One Universe at a Time

A Universe Of Antimatter

The distribution of positrons in the Milky Way. Credit: D. D. Dixon (University of California, Riverside) and W. R. Purcell (Northwestern University)

Our universe is dominated by matter. Sure, there is dark matter and dark energy, but things like stars, planets and people are made of matter. Protons, electrons, neutrons and such. But matter seems to come in pairs. For every electron created, an antimatter positron is created. For every proton that appears, so does an anti-proton. Since our universe is dominated by matter, what if there is another universe dominated by antimatter? What would an antimatter universe look like? 

The basic difference between matter and antimatter is that they have opposite charges. A proton has a positive charge, while an antiproton a negative one. Positively charged positrons are the antimatter version of negatively charged electrons. What’s interesting is that the signs of electric charge are a fluke of history. We could have assigned a positive charge to electrons and a negative one to protons. There’s nothing special about choosing one or the other. So you might think that an antimatter universe would look exactly like our regular one. But matter and antimatter have subtle differences.

One of the main differences has to do with neutrinos. Neutrinos don’t have any charge, so if the sign of charge were the only difference between matter and antimatter, “antimatter” neutrinos would be identical to “matter” neutrinos. But it turns out they are slightly different. Neutrinos have a property called helicity, which describes whether they spin to the left or the right as they travel through space. Matter neutrinos have left-handed helicity, while antimatter one have a right-handed helicity.

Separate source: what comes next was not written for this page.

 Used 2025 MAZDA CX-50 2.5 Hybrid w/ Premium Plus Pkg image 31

That might not seem like a big deal, but in 1956 Chien-Shiung Wu looked at the radioactive decay of cobalt-60 atoms. She found that left-oriented and right-oriented atoms decay at different rates. Since handedness is different between matter and antimatter, the two might decay at different rates. This might be the reason why we don’t seen lots of antimatter in the universe.

But suppose there was an antimatter universe that had lots of anti-hydrogen and anti-helium after its big bang, just as our early universe had lots of hydrogen and helium. It would seem reasonable that these could fuse to heavier antimatter elements in the cores of antimatter stars, and this could produce antimatter planets and perhaps even antimatter life. What would these creatures see when they look up into their night sky?

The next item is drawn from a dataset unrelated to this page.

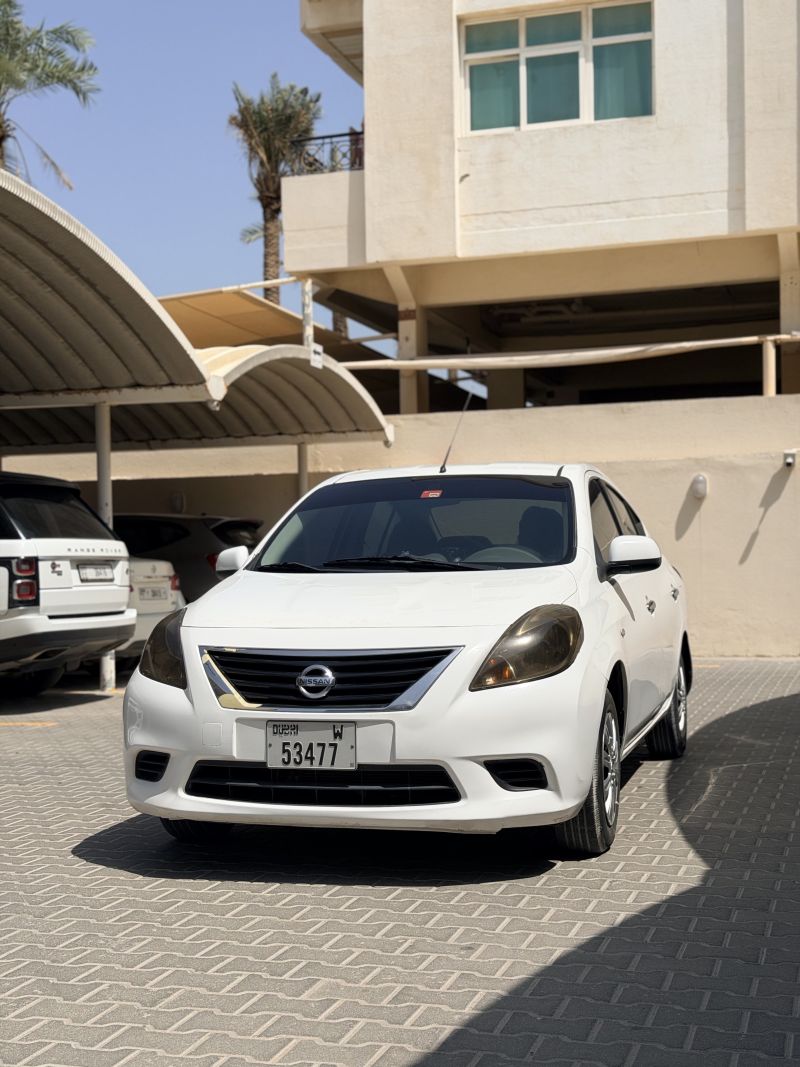 Nissan Sunny 2013 1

In this case we know it would look much like our own night sky. Recently we’ve been able to produce anti-hydrogen, and we have looked at the type of light it produces. We found that anti-hydrogen produces the same kind of light as regular hydrogen. So an antimatter Sun would emit the same light as our Sun. Light would reflect off an antimatter moon just as it does our Moon, and our antimatter cousins would see a sky filled with stars, nebulae and planets, just like we do.

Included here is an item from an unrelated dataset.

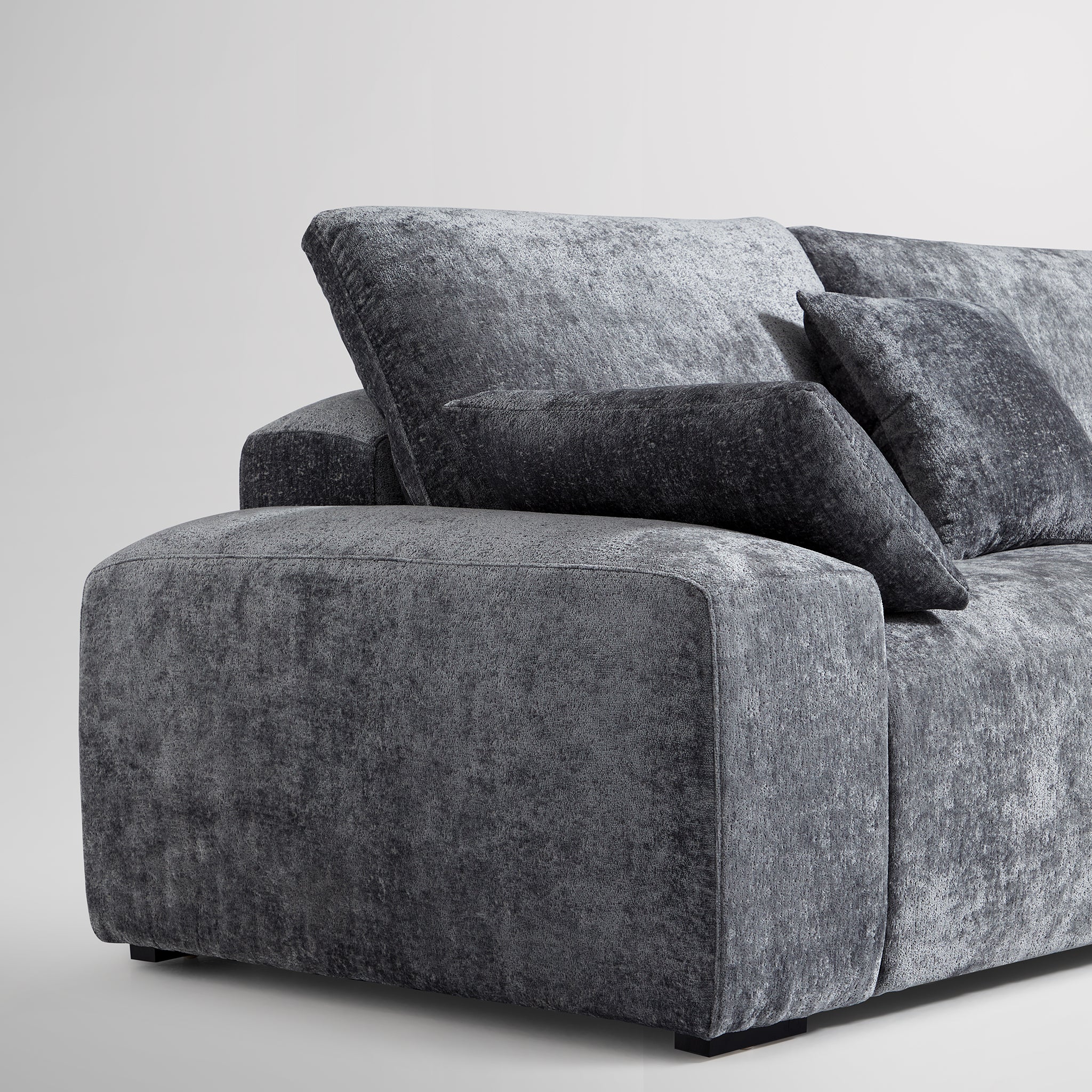 Le canapé et le pouf gris Empress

Of course all of this is based upon the assumption that antimatter would collapse under gravity to form stars in the first place. We think that should be the case, but what if antimatter also had anti-mass? What if anti-atoms gravitationally repelled each other? In that case, an antimatter universe would never form stars or galaxies. Our antimatter universe would simply be filled with traces of anti-hydrogen and anti-helium, and nothing would ever look up at the cosmic sky.  While we think antimatter has regular mass, we haven’t created enough of it in the lab to test the idea. For now we can’t be sure.

So it is quite possible that an antimatter universe would look nearly identical to our own. But it could be that an antimatter universe would be nothing but cold gas. It’s even possible that the radioactive decay of antimatter is so different from that of matter, that an antimatter universe can’t even exist.